In other words, the "national security" justification was always garbage, and the administration knew it couldn't defend the claim in court.

Projects Already Producing Power

Developers haven't wasted time. Revolution Wind, a project from Danish company Orsted, delivered its first electricity to the New England grid in mid-March. Coastal Virginia Offshore Wind, built by utility Dominion, is 70 percent complete and also started producing power last month. Vineyard Wind, the farthest-along project, generated massive amounts of electricity during Winter Storm Fern earlier this year when other power sources went offline.

These are real, functioning energy projects -- not speculative ventures. The administration's attempt to halt them mid-construction was a nakedly political move that crumbled under the slightest legal scrutiny.

Bipartisan Permitting Deal Back on the Table

The collapse of Burgum's offshore wind crusade could revive stalled congressional negotiations over permitting reform. A bipartisan group of senators has been debating legislation that would speed up environmental reviews for energy projects, streamline interstate transmission line construction, and protect clean energy permits from federal meddling like Burgum's stop-work stunt.

Those talks broke down after Burgum's December order. Senator Sheldon Whitehouse, the Rhode Island Democrat leading negotiations, told Republicans and the Trump administration that discussions would only resume if Interior declined to appeal the court injunctions. Senate Democrats are also pushing Burgum to advance solar projects on federal lands.

Now, with the appeals deadline passed, the permitting bill is back in play. And Trump has a new incentive to play ball: soaring gasoline prices driven by the Iran war. The White House's "energy dominance council" has begun participating in the congressional talks, according to Chris Phalen, vice president of domestic policy at the National Association of Manufacturers.

"There's a confluence of market realities that make this a particularly hopeful year for us," Phalen told Bloomberg Government. Proponents say the next few months before midterm election season are critical for reaching a deal.

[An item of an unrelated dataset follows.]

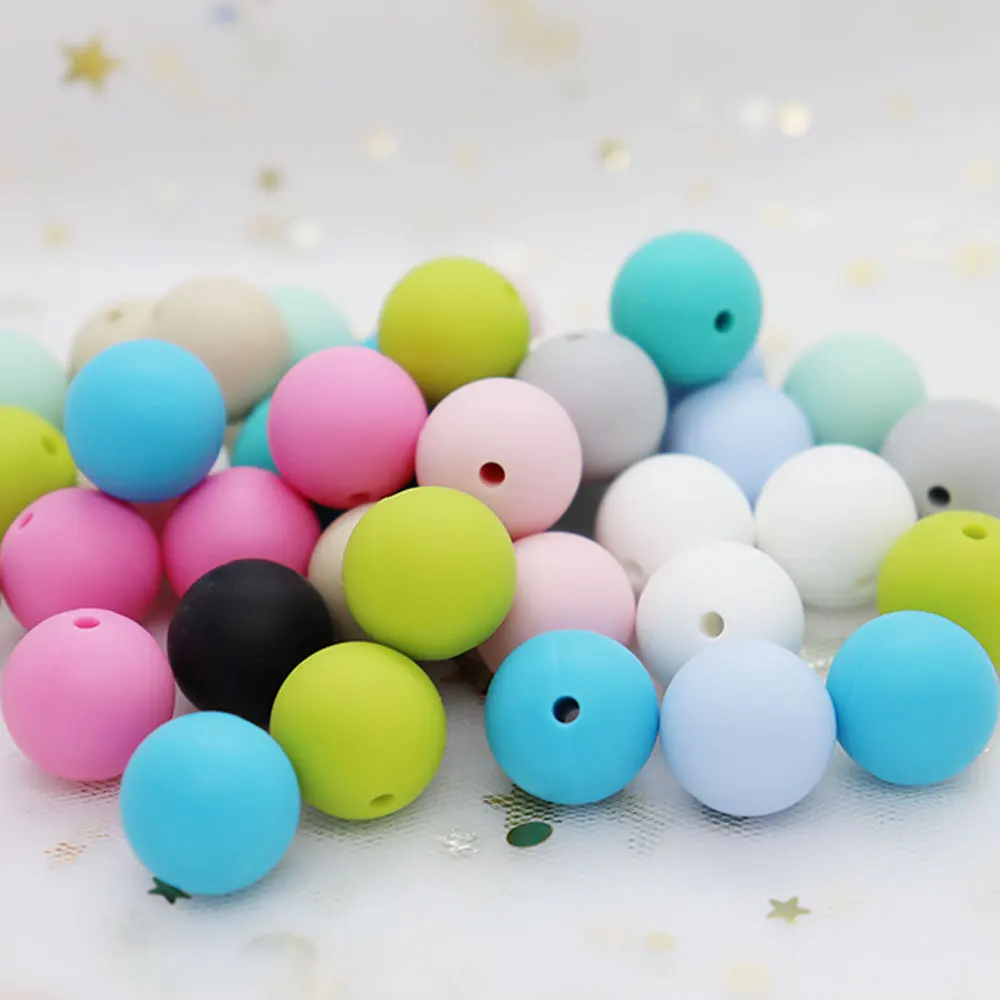 100Pcs Round Silicone Beads 15mm Loose Bead For Jewelry Making Baby Teething Toy Food Grade DIY Chew Teething Necklace Beads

The Catch: Permitting Reform Could Help Fossil Fuels Too

The permitting legislation would likely speed approvals for oil and gas projects as well as clean energy -- including potentially reviving the Keystone XL pipeline that President Biden scrapped in 2021. Broader reforms to the National Environmental Policy Act (NEPA), the nation's bedrock environmental law, remain controversial.

But research suggests NEPA reform could accelerate renewable energy deployment. A recent survey of around 50 renewable developers found that roughly 80 percent had selected project sites specifically to avoid the federal environmental permitting process. Developers reported that reviews for historical artifacts and endangered species can add months or years to timelines, holding up at least 11 gigawatts of energy -- enough to power almost 5 million homes.

Even under the wind-friendly Biden administration, environmental reviews for the five offshore wind projects took multiple years. A reform effort modeled on the House-passed "SPEED Act" would aim to shorten review timelines and limit litigation.

"Bipartisan permitting reform is the next critical step," said Liz Burdock, CEO of the Oceantic Network, a trade group advocating for offshore wind. She warned that "without a predictable path to build, manufacturers, shipyards, and skilled workers are forced to sit idle, creating gaps that raise costs and delay benefits for millions of ratepayers."

What This Means

The Trump administration's retreat on offshore wind reveals the limits of executive overreach when it collides with contract law and judicial oversight. Burgum's "national security" gambit was always a pretext for attacking clean energy to appease fossil fuel interests. The courts called his bluff, and the administration blinked rather than defend its indefensible position.

Now, with gas prices climbing and energy security concerns mounting, even this administration may have to accept that offshore wind is happening -- whether they like it or not.